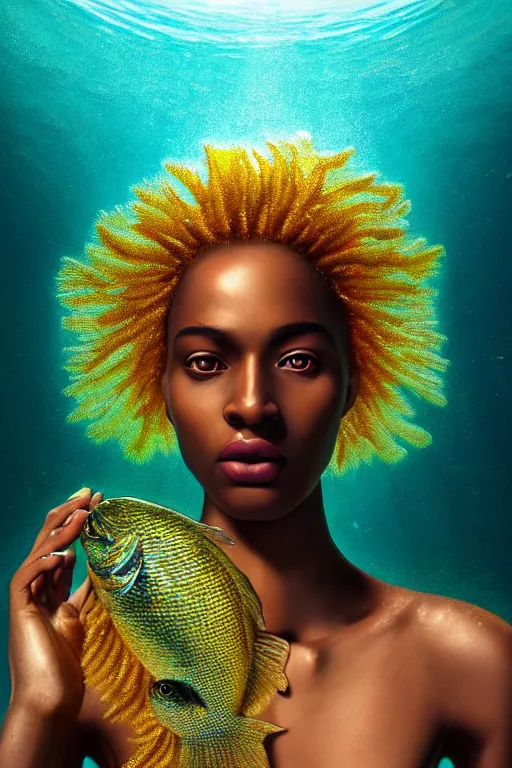 Image similar to hyperrealistic precisionist cinematic underwater scene with fish and algae, very expressive! translucent elegant african goddess, full body, gold jewerly, highly detailed face, digital art masterpiece, eric zener aykut aydogdu, volumetric light, long shot, low angle uhd 8 k, sharp focus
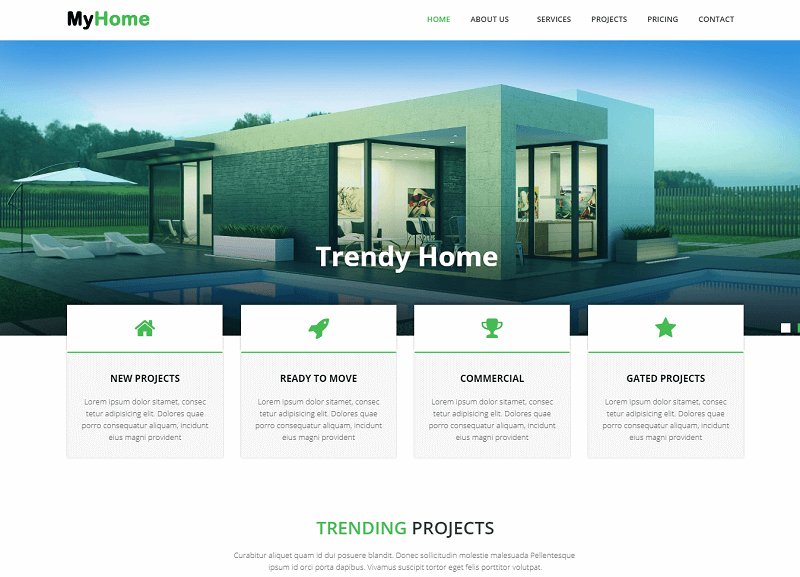 MyHome Real Estate Website Template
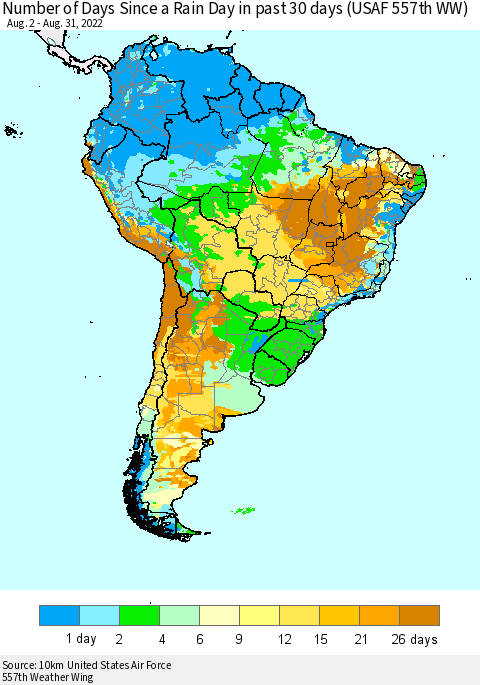 South America Number of Days Since a Rain Day in past 30 days (USAF 557th WW) Thematic Map For 8/26/2022 - 8/31/2022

> _EXERCISE GOAL_: Everything in the listing, except its images, should be set down exactly.

> _REPLY TO THE TASK_:
 Image similar to hyperrealistic precisionist cinematic underwater scene with fish and algae, very expressive! translucent elegant african goddess, full body, gold jewerly, highly detailed face, digital art masterpiece, eric zener aykut aydogdu, volumetric light, long shot, low angle uhd 8 k, sharp focus
 MyHome Real Estate Website Template
 South America Number of Days Since a Rain Day in past 30 days (USAF 557th WW) Thematic Map For 8/26/2022 - 8/31/2022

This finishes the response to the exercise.